Django queryset indexing shuffle around and doesn't remember my changes

Question

Background

I have model C inherits B

In C, it has just normal charField, nullBooleanField and foreign keys.

class C(B):
  uid = UUIDField(unique=True)
  x = models.ForeignKey(X, to_field='uid')

  y = models.ForeignKey(Y, to_field='uid', null=True)

  z = models.TextField()
  u = models.ForeignKey(U, null=True)
  foo = models.NullBooleanField(default=False)

In B, it has bunch of dateField like below

class B(models.Model):
  date_added = models.DateTimeField(auto_now_add=True)
  date_modified = models.DateTimeField(auto_now=True)
  date_deactivated = models.DateTimeField(null=True, blank=True)
  active = models.BooleanField(default=True, db_index=True, 
    help_text='Set to false if the instance is deleted.')
  class Meta:
    abstract = True

None of those classes has meta order specified.

The problem

When I was in a shell_plus, I assigned C.objects.all() to a variable called cs, then I can see cs[0], cs[1], cs[2] and cs[3]. There are only 4 records. Now I want to change one nullBooleanField to false/true. I did cs[1].foo = true and cs[1].save()

I would expect 4 records are in the same order as when I fetched them and the second record's foo field is updated.

The actual result is, for some reasons, the second record is moved to the back of the list, and it doesn't remember my changes.

For example, in the beginning, 4 records are R1, R2, R3, R4 and R2.foo is false. After the assigning foo to true for the second record as I describe above, the result is R1, R3, R4, R2 and R2.foo is still false.

The workaround seems to be assigning cs[1] to a variable first then change the variable. It would be nice the know why.

Is there anything in Django that can cause queryset result to be rearranged?

Edit does each queryset[index] cause a database hit?

Answer 1

The problem: qs is a QuerySet. If you write qs[i], you actually make another query (one that looks like <OLD QUERY> LIMIT 1 OFFSET i), so you fetch the i-th element from the old queryset into memory.

The point is that if you write qs[i] twice, you make two independent fetches. If we thus write two qs[1]s, we obtain two different objects. If you thus perform a qs[1].save(), you make an independent fetch, load the object from the database, and immediately save it. But previous modifications that have not been saved will have no effect.

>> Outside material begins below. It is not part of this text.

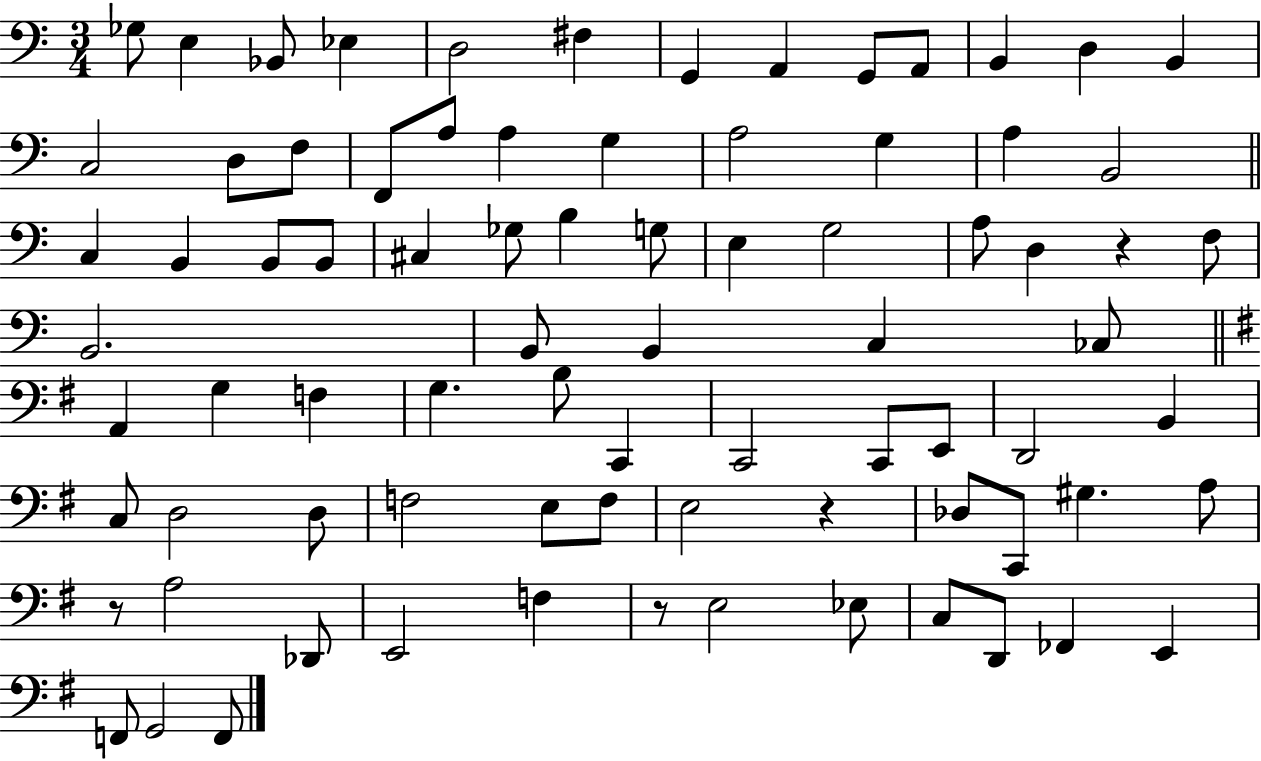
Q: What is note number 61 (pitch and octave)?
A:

If you thus want to make a change to an object, you need to use a reference, so write:

# will change the second element
cs1 = cs[1]     # we fetch the object, and store it in cs1
cs1.foo = True  # we change the object
cs1.save()      # we save the object

instead of:

# will *NOT* change the second element
cs[1].foo = True  # load object, change it, but throws the object away
cs[1].save()      # loads the object again, and save it, with no change

The fact that the order of the objects changes between two queries is common in many database engines (well usually given some row is updated, or even if a new row is created). It depends on the indexes a database has how the rows are obtained, and often rows that are changed will occur as last (or first) row in the result set, although if you do not specify the order, usually there are no strong guarantees how the result will be ordered.